Selon rapport, qui reflète l'avis des différentes agences fédérales de renseignement, le risque que des conflits liés à l'eau provoquent des guerres dans les 10 prochaines années est minime, même si ces conflits créeront des tensions et menaceront les marchés alimentaires nationaux et internationaux. Mais à partir de 2022, le rapport estime que l'utilisation de l'eau comme arme de guerre sera plus probable, particulièrement en Asie du Sud, au Moyen-Orient et en Afrique du Nord.

Le rapport s'appuie sur une estimation de la sécurité de l'eau réclamée par la secrétaire d'État Hillary Clinton et complétée l'automne dernier. Le rapport affirme que les inondations et l'eau insuffisante ou de mauvaise qualité, combinées à la pauvreté, aux tensions sociales, à la mauvaise gouvernance et à la faiblesse des gouvernements, contribueront à l'instabilité, qui pourrait mener à la faillite de plusieurs États.

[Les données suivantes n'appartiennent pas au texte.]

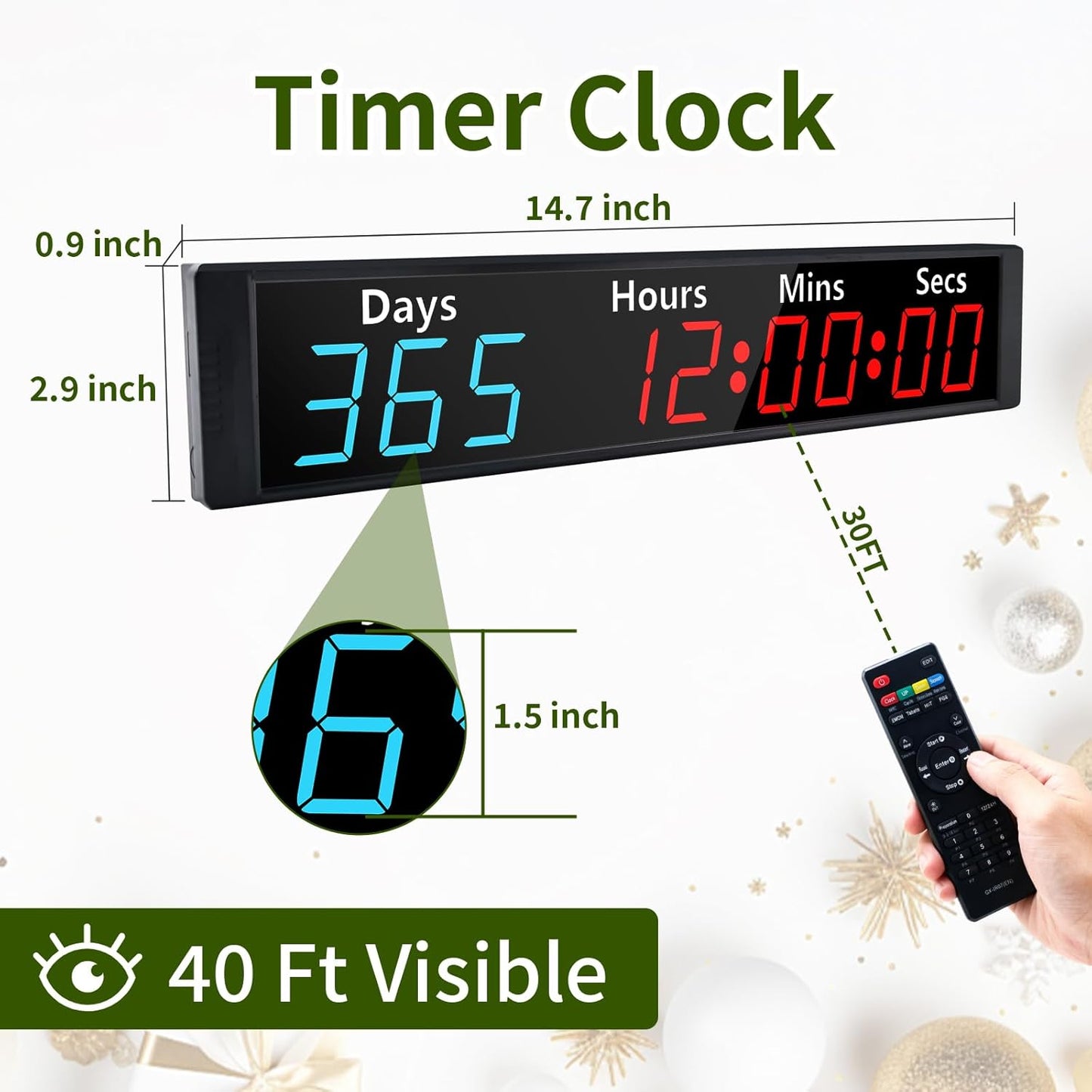 Reloj cuenta regresiva Navidad RGB pantalla grande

Ces éléments «vont probablement augmenter le risque d'instabilité et de faillite des États, exacerber les tensions régionales et empêcher les pays de travailler avec les États-Unis sur des objectifs importants», affirme le rapport, diffusé par le département d'État dans la cadre de la Journée mondiale de l'eau.

Mme Clinton, qui a dévoilé un nouveau programme visant à partager avec le reste du monde l'expertise américaine en matière de gestion de l'eau, a estimé que les conclusions du rapport donnaient à réfléchir.

«Ces menaces sont réelles et elles soulèvent de sérieuses questions sur la sécurité», a-t-elle dit.

Le rapport note que certains pays ont déjà tenté de résoudre des conflits liés à l'eau par la négociation, mais que cela pourrait changer quand les pénuries d'eau deviendront plus graves.

Le rapport prédit que les pays situés en amont des cours d'eau limiteront l'accès à l'eau de leurs voisins en aval pour des raisons politiques, et que les gouvernements utiliseront les réserves internes d'eau pour supprimer les mouvements séparatistes et les populations dissidentes.

Des terroristes ou des États voyous pourraient également viser ou menacer des infrastructures liées à l'eau, comme des barrages et des réservoirs, prédit le rapport.

Le rapport n'identifie pas les pays les plus à risque, mais souligne que l'étude s'est concentrée sur des bassins hydrauliques spécifiques. La zone étudiée comprend le Nil en Égypte, au Soudan et dans les pays plus au sud, le Tigre et l'Euphrate en Irak et au Moyen-Orient, le Mékong en Chine et en Asie du Sud-Est, le Jourdain qui sépare Israël des Territoires palestiniens, l'Indus et le Brahmapoutre en Inde et en Asie du Sud, ainsi que l'Amou Daria en Asie centrale.